Dana Petroleum Limited
- Formerly: Dana Petroleum Public Limited Company (23 Oct 1997 - 30 Jul 2014)
- Industry: Oil and gas industry
- Headquarters: Aberdeen, Scotland, UK
- Key people: Graham Scotton (Acting CE) David Crawford (CFO)
- Products: Natural gas Petroleum
- Revenue: £1 billion (2013)
- Total assets: £1.37 billion (2013)
- Number of employees: 580
- Parent: Korea National Oil Corporation
- Website: dana-petroleum.com

= Dana Petroleum =

Oil and gas company

Dana Petroleum Limited is an oil and gas exploration and production company based in Aberdeen, Scotland. Its activities are focused on the North Sea, Africa and The Middle East. It is a subsidiary of the Korea National Oil Corporation and is a former constituent of the FTSE 250 Index.

==History and current affairs==
The company was formed in 1994 by Tom Cross to exploit North Sea oil opportunities. In 2007 the company acquired Ener Petroleum for £24 million as well as Devon Energy Corporation's oil and gas operations in Egypt for US$375 million. In June 2010, Dana Petroleum agreed to acquire Petro Canada Netherlands from Suncor Energy for around $393 million, then later in September 2010 the company announced a further $372 million acquisition of certain Petro Canada UK assets.

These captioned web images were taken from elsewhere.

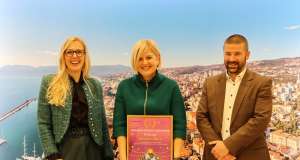 Riječki advent na postolju: struka ga proglasila jednim od tri najljepša u Hrvatskoj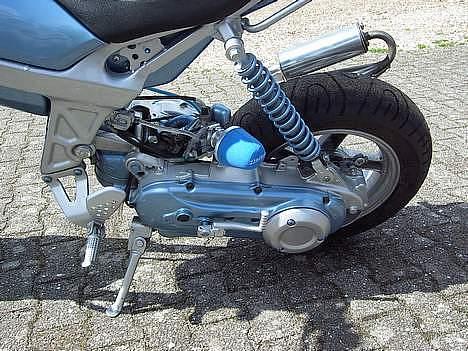 Suzuki Street magic ( SOLGT ) billede 7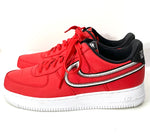 ナイキ NIKE エアフォース1 AIR FORCE 1 07 LV8 1 CD0886-600 メンズ靴 スニーカー ロゴ レッド 26.5cm 201-shoes502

On 2 July 2010 Dana Petroleum confirmed it had received a £1.5 billion takeover bid. Korea National Oil Corporation confirmed preliminary discussions regarding a possible cash offer for the entire issued and to-be-issued share capital of Dana Petroleum. On 20 August 2010, KNOC went hostile in their bid for Dana Petroleum, the first time an Asian state owned company had made a direct bid for a UK company. By 24 September 2010, KNOC had received 64.26% acceptance of the share offer from shareholders resulting in the Dana Petroleum Board advising shareholders to accept the offer as the board intended to do with regard to their own beneficial holding.

In January 2014, Dana Petroleum began seismic operations in Cameroon in Bakassi West after signing a Production Sharing Contract (PSC) for the block with the Government of Cameroon.

==Operations==
Dana has exploration and production activities across the North Sea, the Middle East and West Africa.